Kagama Fotografi 8: Kupas Tuntas Foto Jurnalistik bersama Dwi Oblo

PP Kagama bersama Kagama Fotografi kembali menggelar webinar lewat Zoom Meeting pada hari Sabtu (27/3/2021) jam 19.30 s/d 21.30 WIB. Pada seri 8 kali ini mengupas tuntas tentang foto jurnalistik, bersama fotografer penuh pengalaman Dwi Oblo. Sebagai moderator adalah Bronto Sumaryanto, dan berkenan memberikan kata sambutan Abdulhamid Dipopramono, Wasekjen PP Kagama dan Staf Khusus Menteri Perhubungan.

Dwi Oblo, narasumber utama

Dwi Oblo memulai paparannya dengan menjelaskan foto jurnalistik adalah merupakan salah satu cara untuk menyampaikan informasi, melalui medium fotografi yang dilengkapi dengan keterangan foto yang berfungsi untuk jembatan agar komunikasi fotografer dan penikmatnya lancar. Informasi yang disampaikan semakin cepat semakin baik. Kamera sebagai alat utama foto jurnalistik mempunyai sifat mekanik, maka hasil foto merupakan data visual yang abadi, sehingga bisa dipakai sebagai arsip atau dokumenter yang dibuat untuk tujuan tertentu.

Foto-foto yang awalnya merupakan dokumenter itu, ketika akan dipublikasikan harus diseleksi sesuai dengan kebutuhan dan selalu akan berhadapan dengan redaktur. Redaktur foto akan memilih foto-foto yang kita buat sesuai dengan kebijaksanaan media dan halaman yang tersedia. Oleh sebab itu foto jurnalis bukan sebagai ‘tukang foto’ tetapi bagaimana foto yang kita buat bernilai lebih, sehingga prosesnya kadang menjadi lebih lama dan memakan beaya tinggi. Foto jurnalis dituntut harus kreatif, tidak begitu saja percaya pada satu informasi sehingga butuh riset mendalam.
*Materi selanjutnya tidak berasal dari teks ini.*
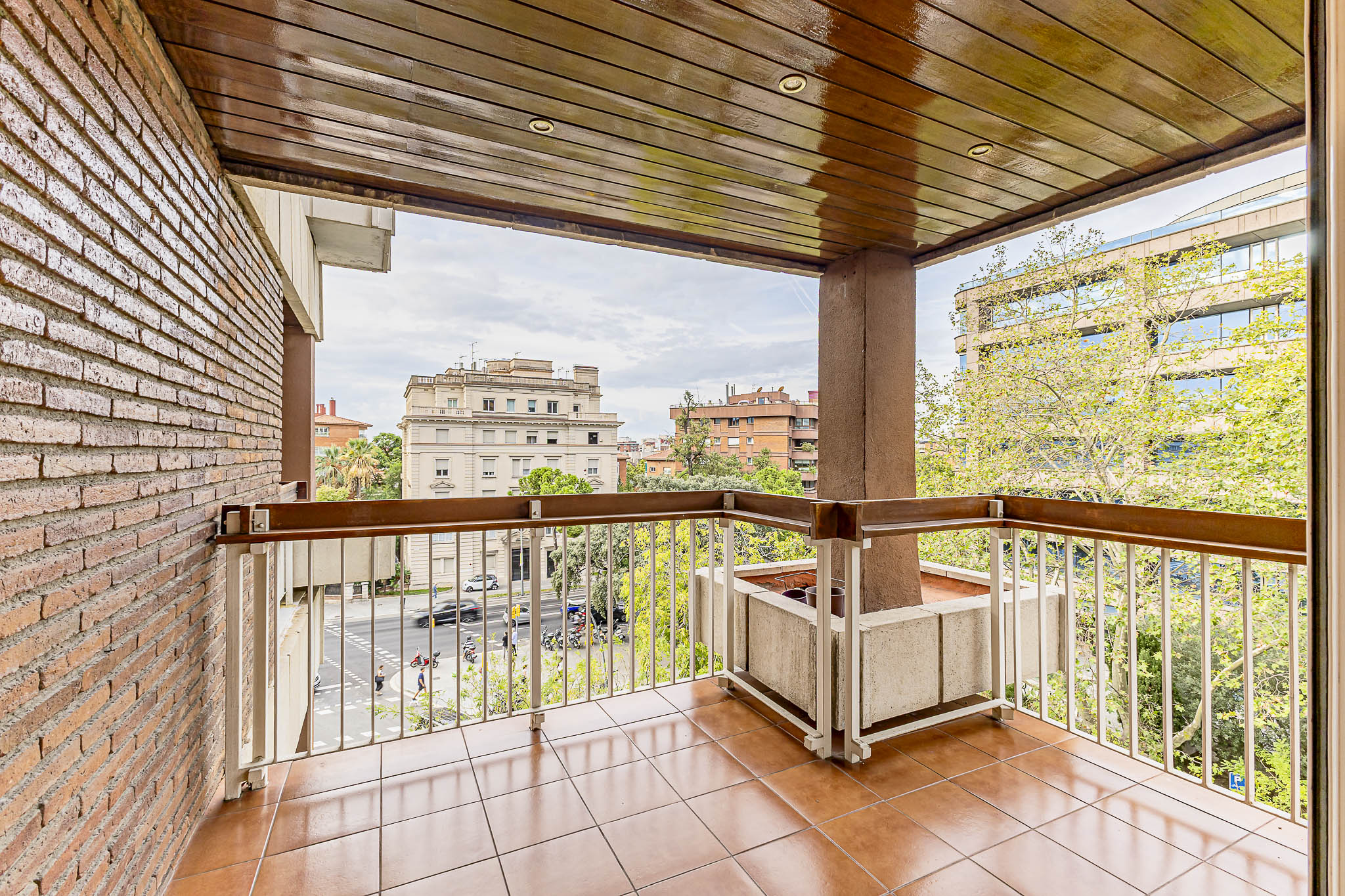 Apartment with a large terrace in Sant Gervasi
Selanjutnya Oblo menjelaskan tentang karakter foto jurnalistik:

  1. Komunikasi visual yang diwujudkan dalam foto dapat mengekspresikan pesan pribadi secara gamblang. Para penikmat fotografi dapat mengerti situasi yang terdapat dalam gambar secara cepat. Semakin simpel semakin bagus
  2. Medium foto jurnalisme biasanya diwujudkan dalam medium cetak, seperti misalnya koran, majalah, dan media online.
  3. Foto jurnalisme itu melaporkan. Seluruh kemampuan teknis fotografer jurnalis digunakan untuk melaporkan beberapa aspek dari berita. Sehingga pembaca seolah-olah hadir di situ.
  4. Foto jurnalisme berkomunikasi dengan menyatukan kata-kata dan gambar. Kata-kata dan gambar harus tampil seimbang. Bahkan ketika foto cerita yang kebanyakan gambar masih harus dilengkapi kata-kata untuk melengkapi gambar tersebut. Kata-kata hadir untuk memuluskan pesan yang akan disampaikan.
  5. Foto jurnalisme berurusan dengan manusia. Untuk bisa sukses foto jurnalis harus memiliki kertarikan yang mendalam pada manusia. Manusia adalah bahan utama yang ada di ujung dan pangkal dari pesan foto jurnalistik: mereka adalah subyek dan mereka juga adalah penikmat
  6. Foto jurnalisme berkomunikasi kepada massa. Ini berarti pesan yang disampaikan harus singkat dan dapat segera dimengerti oleh masyarakat banyak yang beragam. Gambar-gambar atau makna-makna pribadi tidak akan mendapat tempat di foto jurnalisme
  7. Foto jurnalisme ditampilkan oleh editor foto yang terampil. Editor foto memutuskan bagaimana sebuah reportase dapat sampai ke publik. Editor foto yang baik membuat pesan seorang foto jurnalis menjadi lebih efekti
  8. Keyakinan mendasar dari foto jurnalisme adalah menginformasikan kepada publik merupakan sesuatu yang mutlak dibutuhkan di dalam dunia yang semakin komplek. Keyakinan ini didasari oleh Amandemen Pertama perlindungan tentang kebebasan menyuarakan pendapat.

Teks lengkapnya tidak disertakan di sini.